もちろん、はるみが有名な演歌歌手であることに寅次郎は気付くが、それをあえて言わずにはるみの逃避行に付き合うのだ。
はるみは寅次郎の常識離れした人生に触れて、今まで自分が歩んできた歌手人生を客観視し、以下のような本音を漏らす。
寅次郎「おう、風の吹くまま気の向くまま好きなところへ旅してんのよ、まあ銭にならねえのがたまに傷だけどな」
はるみ「そんな人生もあるのね・・・明日は何をするか、明日にならなきゃ決まらないなんて・・・いいだろうな」
この時はるみは自分の歩んできた人生、または今まで悩んでいたすべてのことが、いかに小さな枠の中でのことだったのかということに気付かされるのだ。
そして、はるみは寅次郎を通して少しずつ自分を取り戻し、また華やかな歌手人生に戻っていくことになるのだ。
人間それぞれが持つ因果と宿命
この作品は有名な演歌歌手・京はるみという登場人物を通して、人間がそれぞれに持っている因果と宿命について描いていたように思う。

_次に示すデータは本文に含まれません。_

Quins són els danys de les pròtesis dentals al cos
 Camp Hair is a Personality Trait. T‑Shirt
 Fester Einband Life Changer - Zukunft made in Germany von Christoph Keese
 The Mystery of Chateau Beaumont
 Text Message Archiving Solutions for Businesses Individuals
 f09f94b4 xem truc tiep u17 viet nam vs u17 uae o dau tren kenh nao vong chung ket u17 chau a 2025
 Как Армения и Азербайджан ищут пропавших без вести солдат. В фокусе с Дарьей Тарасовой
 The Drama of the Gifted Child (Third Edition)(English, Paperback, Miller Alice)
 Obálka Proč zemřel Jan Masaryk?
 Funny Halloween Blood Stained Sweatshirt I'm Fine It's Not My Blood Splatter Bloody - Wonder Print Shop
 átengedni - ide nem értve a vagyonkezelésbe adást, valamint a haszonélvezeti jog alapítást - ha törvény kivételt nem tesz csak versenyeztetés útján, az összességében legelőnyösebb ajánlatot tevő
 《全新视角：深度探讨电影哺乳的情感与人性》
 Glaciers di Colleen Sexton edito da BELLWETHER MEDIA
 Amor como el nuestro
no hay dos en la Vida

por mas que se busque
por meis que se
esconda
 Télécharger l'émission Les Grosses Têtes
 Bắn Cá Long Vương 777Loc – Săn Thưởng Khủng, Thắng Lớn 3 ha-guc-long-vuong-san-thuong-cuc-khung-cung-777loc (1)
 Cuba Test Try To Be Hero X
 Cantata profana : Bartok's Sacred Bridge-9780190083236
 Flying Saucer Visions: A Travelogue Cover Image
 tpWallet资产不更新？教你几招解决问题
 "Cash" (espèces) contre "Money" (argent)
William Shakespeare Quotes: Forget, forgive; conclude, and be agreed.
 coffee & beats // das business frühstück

つまり、人間はそれぞれ、他人には知りえない悩みや問題を抱えながら生きているということである。
はるみは寅次郎の人生を羨ましそうに見ていたが、寅次郎にとっては寅次郎にしかわからない悩みや問題を抱えて生きているのだ。
それは、はるみの立場に立っても同じことが言える。
寅次郎は、はるみと共に旅をしながら、はるみにしかわからない演歌歌手の苦悩をまじかで見て体感している。
とらやに来て歌うはるみの後ろ姿を見ながら、寅次郎は一体どんな思いを巡らせていたのだろうか?
これを理解しながら寅次郎のあの表情を見てみると、寅次郎の感情が少しだけ読み取れるような気はしないだろうか?